A Note on Thermodynamics of Black Holes in Lovelock Gravity

TL;DR

This paper investigates the thermodynamic properties of black holes in Lovelock gravity, revealing simple expressions for key quantities and identifying conditions for stability, especially for Ricci flat horizon cases and theories with Euler densities.

Contribution

It provides explicit thermodynamic formulas for black holes in Lovelock gravity and analyzes their stability, highlighting the role of horizon geometry and Euler density terms.

Findings

Black hole thermodynamics in Lovelock gravity can be expressed simply in terms of horizon radius.

Ricci flat horizon black holes are always thermodynamically stable with positive heat capacity.

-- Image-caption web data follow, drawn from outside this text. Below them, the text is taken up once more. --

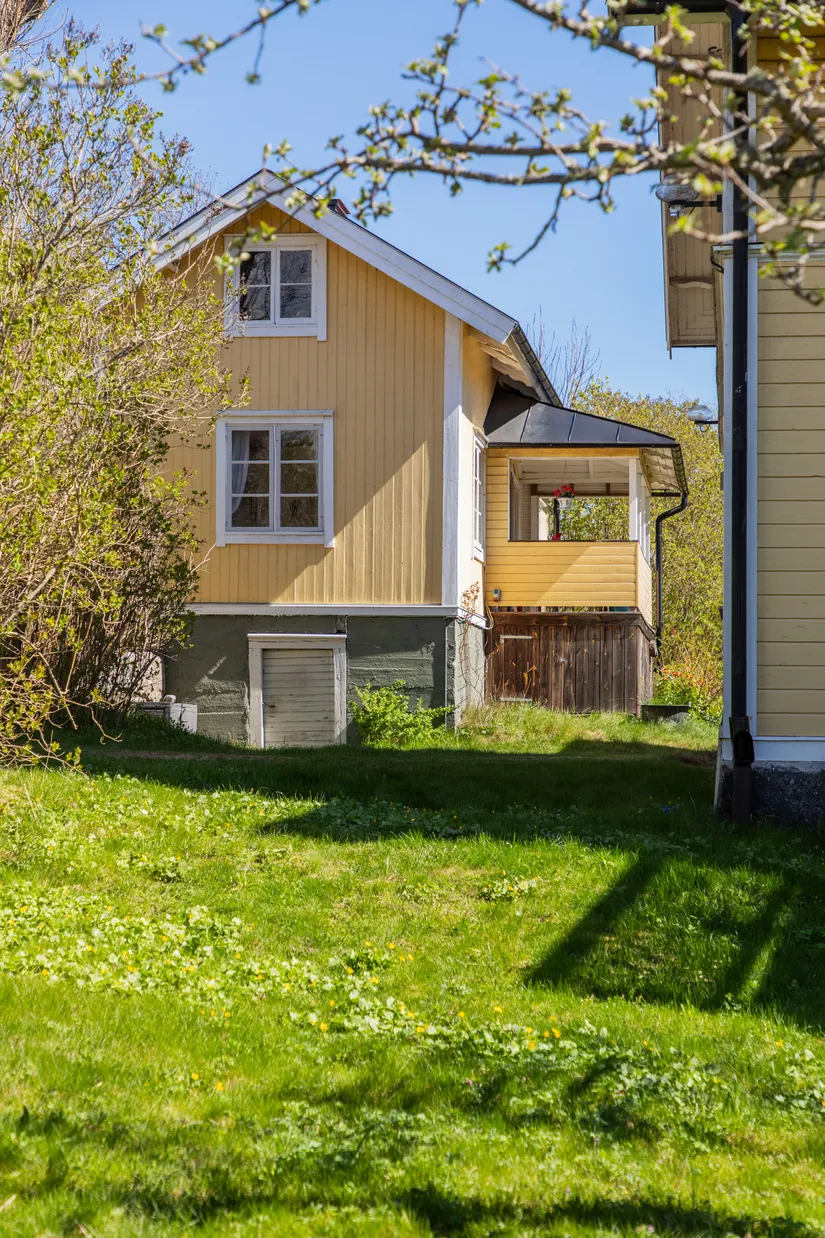 Gård/Skog, Svartnö byväg 8, Svartnö, Norrtälje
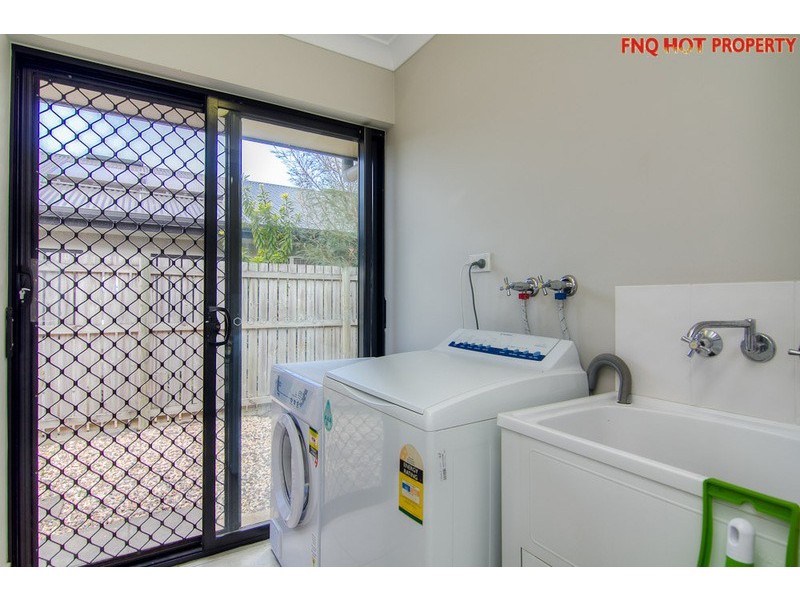 18 Altona Street, Bentley Park QLD 4869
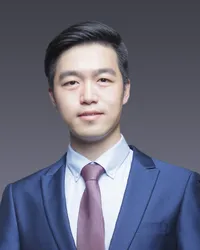 王飞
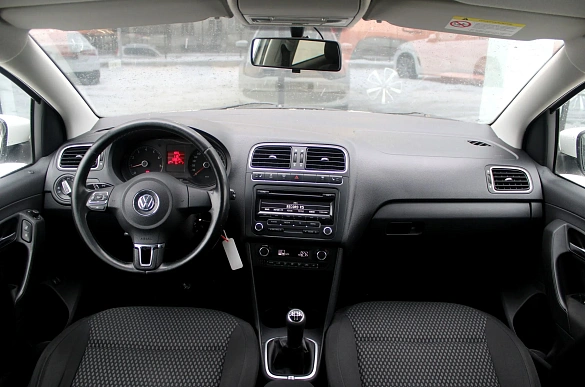 Купить Фольксваген Поло 2012г.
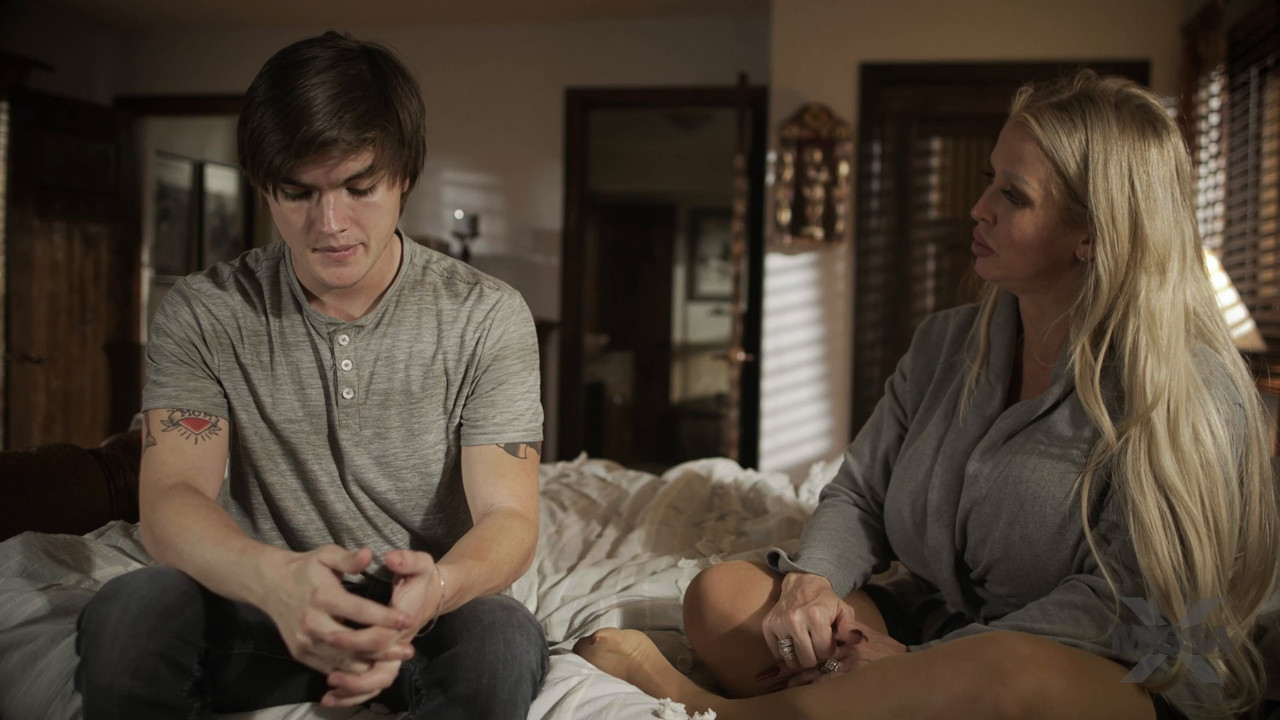 Alura Jenson - Helping Out Mom Pt 2 - MISSAX.mp4.0002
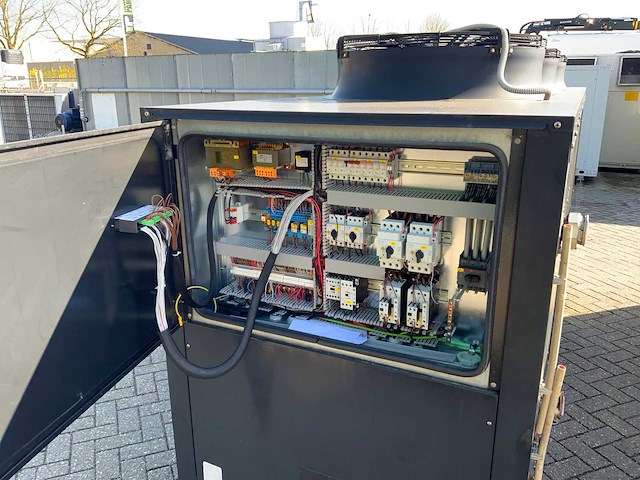 2013 daikin ewwq 090g warmtepomp - afbeelding 2 van  8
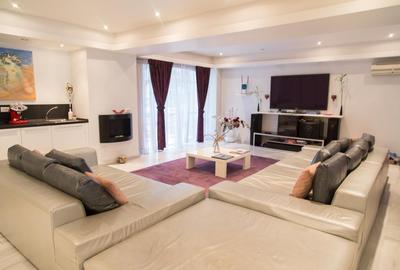 Apartament cu 4 camere decomandat în Dorobanți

Stable small black holes exist in certain Lovelock theories with Euler densities in odd dimensions.

Abstract

The Lovelock gravity consists of the dimensionally extended Euler densities. The geometry and horizon structure of black hole solutions could be quite complicated in this gravity, however, we find that some thermodynamic quantities of the black holes like the mass, Hawking temperature and entropy, have simple forms expressed in terms of horizon radius. The case with black hole horizon being a Ricci flat hypersurface is particularly simple. In that case the black holes are always thermodynamically stable with a positive heat capacity and their entropy still obeys the area formula, which is no longer valid for black holes with positive or negative constant curvature horizon hypersurface. In addition, for black holes in the gravity theory of Ricci scalar plus a $2n$-dimensional Euler density with a positive coefficient, thermodynamically stable small black holes always exist in $D=2n+1$ dimensions, which are absent in the case without the Euler density term, while the thermodynamic properties of the black hole solutions with the Euler density term are qualitatively similar to those of black holes without the Euler density term as $D>2n+1$.